(Data records)

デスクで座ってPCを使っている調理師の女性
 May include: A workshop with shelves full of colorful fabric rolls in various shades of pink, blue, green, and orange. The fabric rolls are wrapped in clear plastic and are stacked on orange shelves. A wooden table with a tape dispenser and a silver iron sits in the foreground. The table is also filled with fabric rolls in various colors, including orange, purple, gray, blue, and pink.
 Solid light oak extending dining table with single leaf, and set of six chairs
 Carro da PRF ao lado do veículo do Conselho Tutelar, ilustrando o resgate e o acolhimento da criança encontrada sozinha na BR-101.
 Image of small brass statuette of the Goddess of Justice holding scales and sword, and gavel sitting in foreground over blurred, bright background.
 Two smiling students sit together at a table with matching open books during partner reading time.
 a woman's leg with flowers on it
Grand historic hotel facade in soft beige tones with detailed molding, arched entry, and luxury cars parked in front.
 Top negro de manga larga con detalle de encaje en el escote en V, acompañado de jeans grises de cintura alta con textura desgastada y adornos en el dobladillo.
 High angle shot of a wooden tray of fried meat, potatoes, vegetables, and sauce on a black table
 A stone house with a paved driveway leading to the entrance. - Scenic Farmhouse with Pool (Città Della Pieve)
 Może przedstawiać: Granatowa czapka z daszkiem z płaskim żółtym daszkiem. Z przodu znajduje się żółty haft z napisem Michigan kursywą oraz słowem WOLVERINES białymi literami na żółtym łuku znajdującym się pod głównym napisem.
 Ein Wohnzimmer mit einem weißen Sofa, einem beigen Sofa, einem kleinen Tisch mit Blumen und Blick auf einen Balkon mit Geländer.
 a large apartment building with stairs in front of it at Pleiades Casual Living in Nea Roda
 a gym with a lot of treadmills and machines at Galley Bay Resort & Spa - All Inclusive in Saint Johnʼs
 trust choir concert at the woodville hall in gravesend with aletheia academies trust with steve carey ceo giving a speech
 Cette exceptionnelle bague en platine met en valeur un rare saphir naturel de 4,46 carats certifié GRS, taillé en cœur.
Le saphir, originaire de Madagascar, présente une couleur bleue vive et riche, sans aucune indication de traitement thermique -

WHAT YOU ARE ASKED TO DO
Scan the data for the word "with" and copy every line where it shows up.

YOUR RESPONSE
 May include: A workshop with shelves full of colorful fabric rolls in various shades of pink, blue, green, and orange. The fabric rolls are wrapped in clear plastic and are stacked on orange shelves. A wooden table with a tape dispenser and a silver iron sits in the foreground. The table is also filled with fabric rolls in various colors, including orange, purple, gray, blue, and pink.
 Solid light oak extending dining table with single leaf, and set of six chairs
 Two smiling students sit together at a table with matching open books during partner reading time.
 a woman's leg with flowers on it
Grand historic hotel facade in soft beige tones with detailed molding, arched entry, and luxury cars parked in front.
 A stone house with a paved driveway leading to the entrance. - Scenic Farmhouse with Pool (Città Della Pieve)
 a large apartment building with stairs in front of it at Pleiades Casual Living in Nea Roda
 a gym with a lot of treadmills and machines at Galley Bay Resort & Spa - All Inclusive in Saint Johnʼs
 trust choir concert at the woodville hall in gravesend with aletheia academies trust with steve carey ceo giving a speech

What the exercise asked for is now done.